When the pair offered to pay listeners for recording listenership in their Arbitron diaries in 1981, the ratings agency responded by delisting WZAM, WMYK, and a Benns-owned station in Chattanooga, Tennessee, that conducted the same practice from the ratings books; it was the first time Arbitron had delisted stations from ratings surveys in two years.

After being rock stations since their launch, the Benns flipped both stations to urban contemporary in 1984, citing "disastrous" ratings.

In 1988, the station was acquired by Nova Broadcasting, which retained the gospel format but sought to give it "FM standards" and be more competitive. The shareholders in Nova, Steven Brisker and Randy Gurekis, split ways in 1989, with Brisker retaining WZAM and WCTG in Columbia, South Carolina. The FCC fined WZAM $7,900 in 1991 for a litany of technical violations, most notably broadcasting after sunset and causing interference to other stations on the frequency.

J4 Broadcasting Company acquired WZAM in 1994; at that time, it was not broadcasting. However, the station had briefly returned to air in mid-1994 with gospel after a two-year absence. WZAM became WCKO in 1995 and adopted a classic oldies format syndicated from another station also owned by John Thomas, WCIN in Cincinnati. By the time it was sold to Metropolitan Radio Group in 1998, however, WZAM was off the air again.

In 2004, the call sign was changed to WYRM when the station was sold to Word Broadcasting Network of Louisville, Kentucky. Word retained the station until 2014, when it changed the call sign to WKQA and sold it to Booth-Cobb Media. Under Booth-Cobb, the station was known as "Freedom 1110" and mixed conservative talk and religious programming.

The station went silent on March 27, 2022, after its four-tower array southeast of Smithfield was dismantled to make way for redevelopment of the site. Booth-Cobb applied for special temporary authority for WKQA to use a 100-watt longwire antenna located at the site of WHKT (1010 AM), and to sell itself to the Delmarva Educational Association, a non-profit entity affiliated with WHKT's owner, for $10,000.

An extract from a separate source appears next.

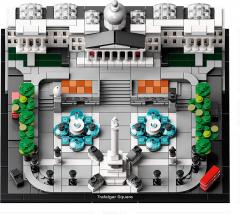 LEGO Architecture - Trafalgar Square (21045)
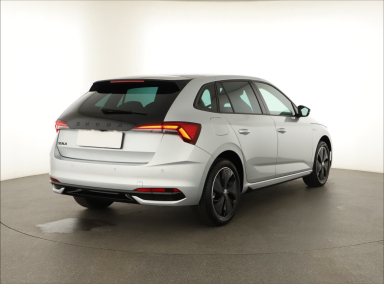 Škoda Scala - 2024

In August 2022, WTJZ (1650 AM) dropped its religious format, which resulted in the transfer of the primary source for the "Praise 104.9" format to WKQA. The sale to Delmarva Educational Association was consummated on August 10, 2022. On November 2, 2022, WKQA's call sign was changed to WTJZ, derived from "Tidewater Jazz", which had been adopted at AM 1270 in 1979.

The FCC cancelled the station's license on August 6, 2026.